Woran liegt das und was meine ich damit?

 

Die Geschichte lebt von der erzählenden Hauptfigur. Ein geschickter Schachzug: Es ist nahezu nicht erlesbar, ob sie tatsächlich männlich oder weiblich ist, aber ja: Ich habe mich aufgrund einer Stelle auf eine Erzählerin festgelegt!

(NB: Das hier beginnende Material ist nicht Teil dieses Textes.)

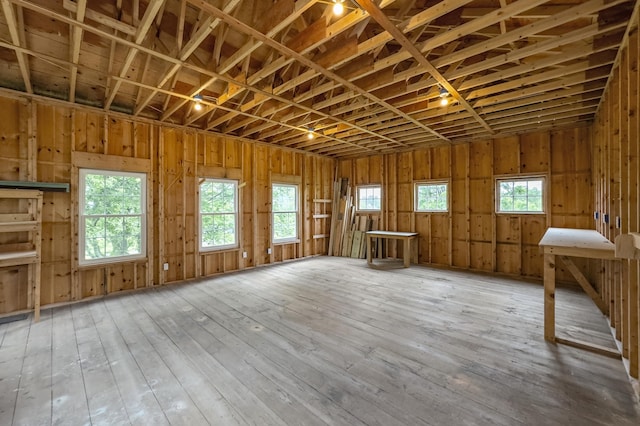 701 Wallston Rd, Saint George, ME 04860 - misc room featuring hardwood / wood-style floors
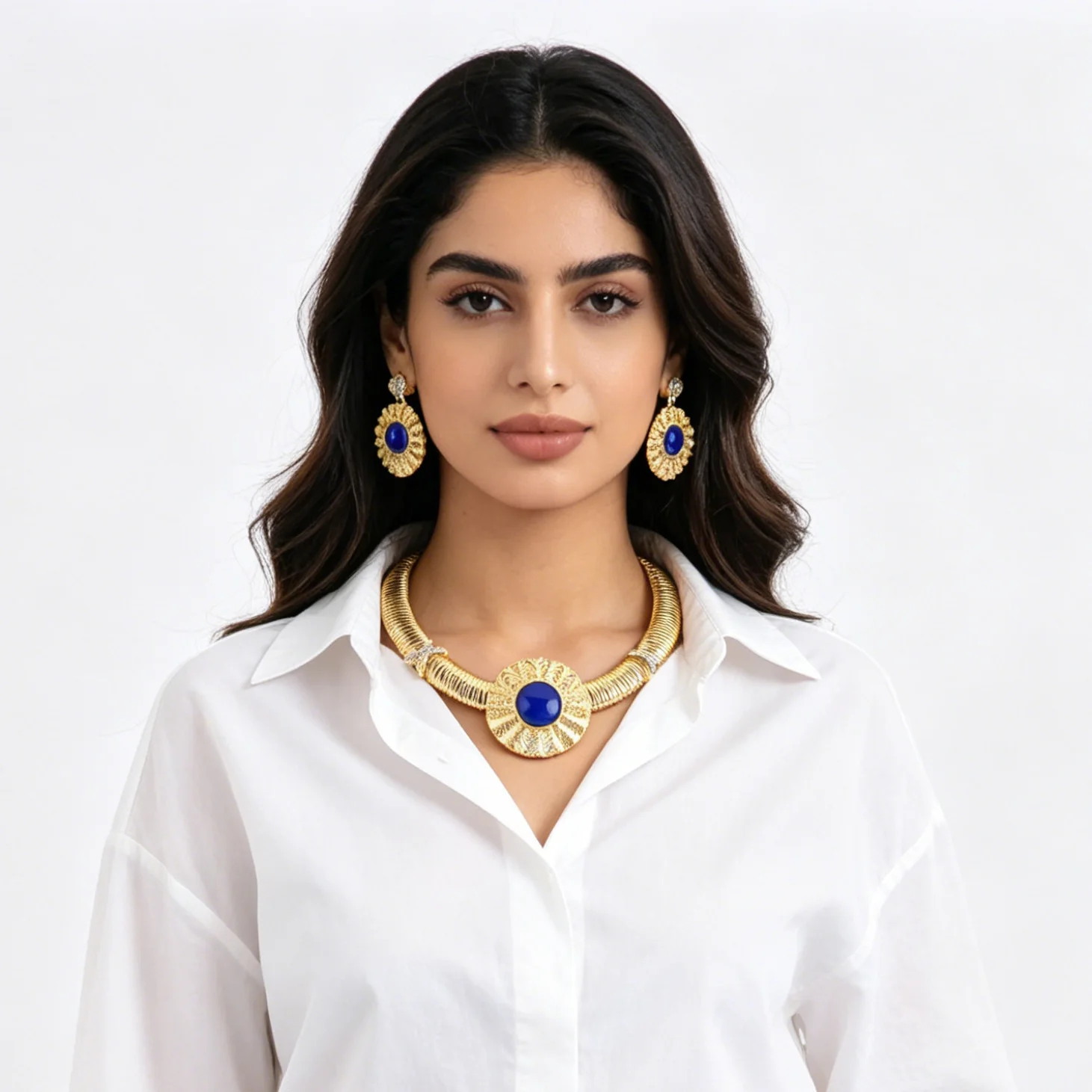 Women's Luxury Wedding Jewelry Accessories Set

Und ich meine auch, dass es eine Erzählerin ist, weil abgesehen vom übermächtigen Vater Männer in diesem Buch keine Rolle spielen.  

 

Da sind viele, viele Momente, die sind einerseits vom Grund her zum Heulen und dennoch schafft die Ich-Erzählerin es, mich in ihrer lax-flachsigen Art zum Schmunzeln zu bringen. Die sich das Lügen als eine Art Schutzschild angelegt hat und die selber zugibt zu lügen. Was kann ich daher glauben, wo liegt die Wahrheit und wo beginnt die Lüge? Ganz aktiv werde ich dabei als Leserin einbezogen, ja aufgefordert, meine Leseaugen zu nutzen, hinzuschauen und hinter die Fassade zu lesen. Und ja, wiederum sind Stellen, die dann ganz und gar eindeutig wahr sein müssen.

 

Auffällig und mit einer gewissen Penetranz lässt mich die Autorin von Möglichkeit zu Möglichkeit der titelgebenden Wortfamilie schwimmen: gründlich, nicht ohne Grund sein, wenn man es begründen konnte, die Dinge zu Grunde legen, einen Grund nennen, auf den Grund gehen …

 

Der Sache – nämlich der mit einem Brunnen und dem Vater - wirklich auf den Grund zu gehen misslingt jedoch, aber das tut meinem Leseerlebnis keinen Abbruch. Ganz und gar nicht. Offen gestaltet, raffiniert und erzählerisch dicht gelöst von Frau Wage. Ich mag Kapitel, die wie Happen mit einer Überschrift serviert werden (siehe Salih Jamal „Das perfekte Grau“) und für mich absolut belebend das zeitliche Hin und Her, was so gut zu den „Gedankenglühwürmchen“ der Erzählerin passt.      

 

Bitte:

Schenkt dieser Autorin und „Grund“ Eure Leseaufmerksamkeit - absolut zu Recht mit dem Blogbuster-Preis 2020, dem Preis der Literaturblogger, ausgezeichnet!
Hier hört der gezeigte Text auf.